In this last day of the Cortana Intelligence training we start by looking into the basic of machine learning,
then you will learn how to solve classification and regression problems and we conclude by creating and consuming
machine learning web services.
- Getting started in ML Studio
- Accessing data sets
- Data preparation: Filters, Manipulation, Sample and Split, Scale and reduce
- R and Python scripts
- Feature selection
- Exploring the different modeling techniques for classification, regression, clustering and collaborative filtering
- Model training
- Scoring datasets
- Evaluate the models
- Create a scoring experiment
- Create and configure web service
Cortana Intelligence Suite (CIS) is a collection of Azure services to load, store and analyze data in the cloud.

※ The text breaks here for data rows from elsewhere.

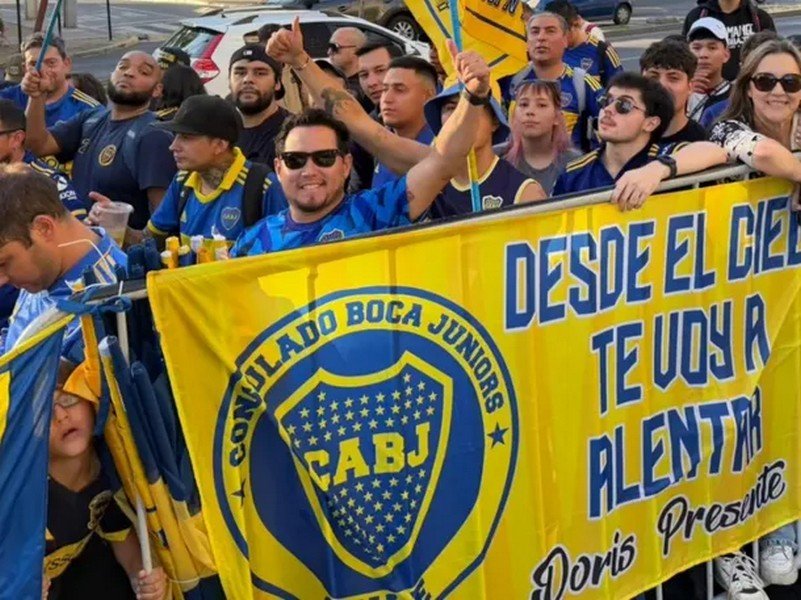 Hinchas de Boca, asaltados en Chile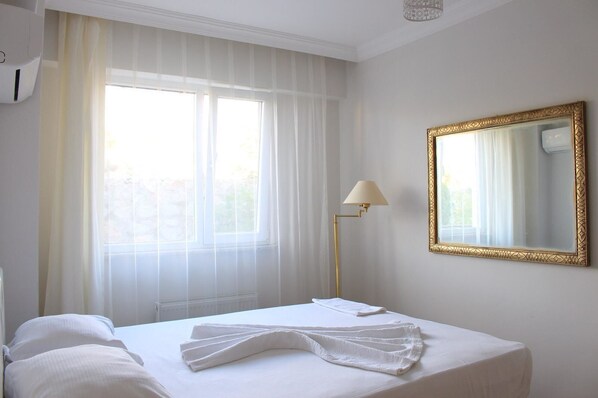 1 habitación, sistema de insonorización y tabla de planchar con plancha 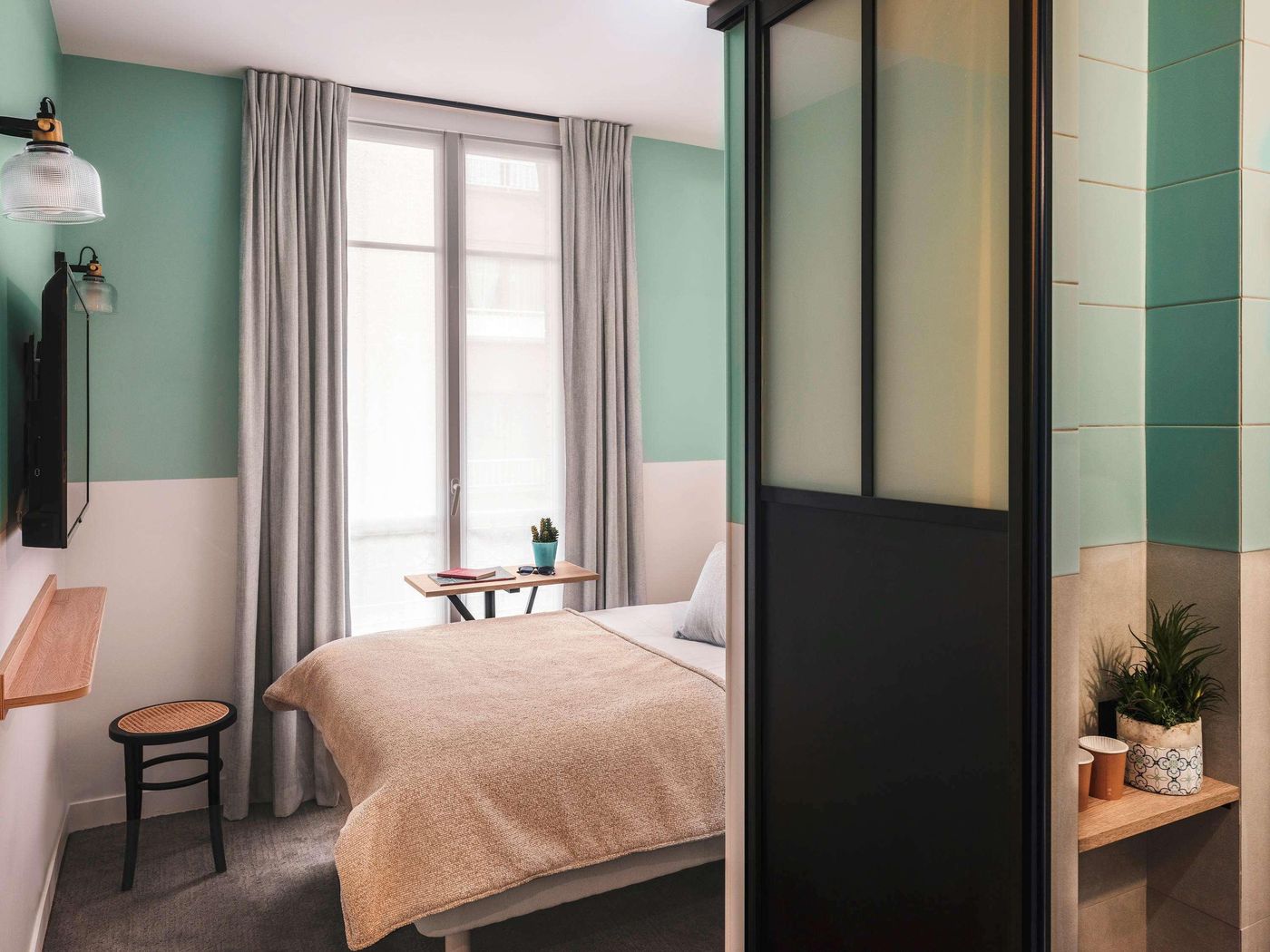 ibis-Styles-Paris-Montmartre-Nord-Room-34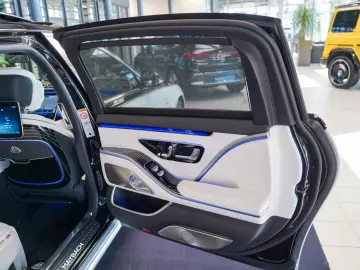 MERCEDES-BENZ S 680 Maybach High-End Interieur-Paket
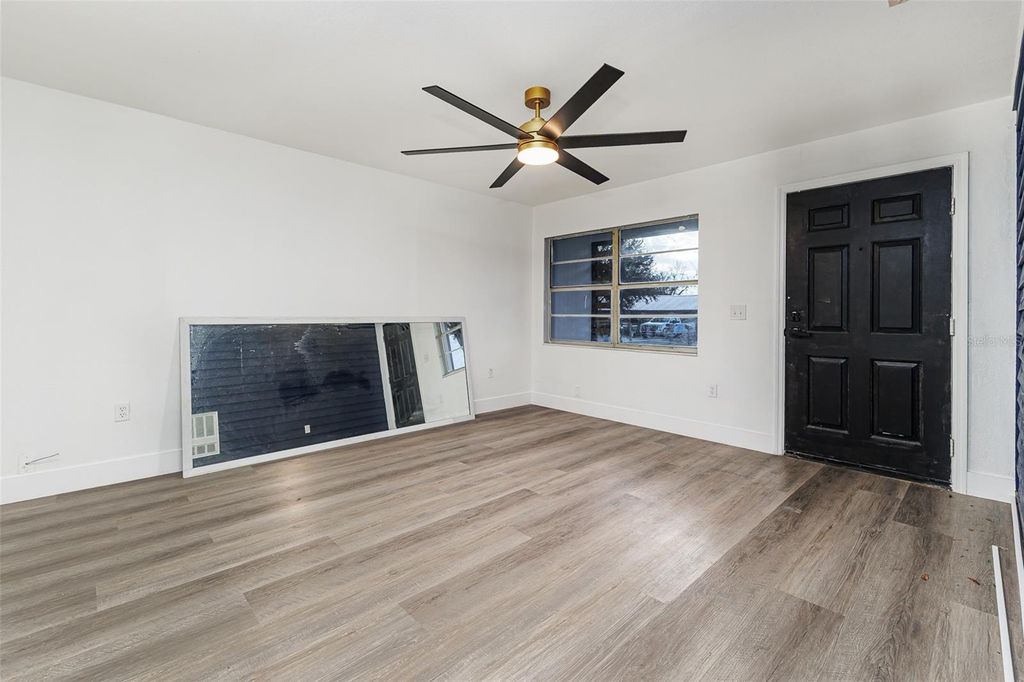 Image 5 of property listing at 661 DUNCAN CIRCLE E, Auburndale, FL 33823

Although
each of these services can be used independantly for one another, they will often be chained together to process
data in the cloud.
In this course we first look into how data can be loaded into cloud storage in an automated fashion using Azure Event Hub
and Azure Data Factory.
Then we investigate how data can be stored. We look into the traditional solutions using Azure Storage and Azure SQL Databases.
But we also investigate newer technologies such as Azure SQL Data Warehouse and Data Lake Storage for dealing
with large and very large volumes of data.
The next step is analyzing the data. We discuss HDInsight with its traditional Hadoop technologies such as Hive and Pig,
but we also touch upon Azure Data Lake Analytics which introduces U-SQL as its new data query language. Azure
Machine Learning is crucial to do more advanced analysis on large volumes of data. Also Azure Stream Analytics
is discussed to analyze streams of events.
Finally we take a brief look at how the results of these analyses can be used in Power BI as a reporting tool.
All these technologies are introduced and demonstrated, but participants will also have hands-on labs on each of these technologies.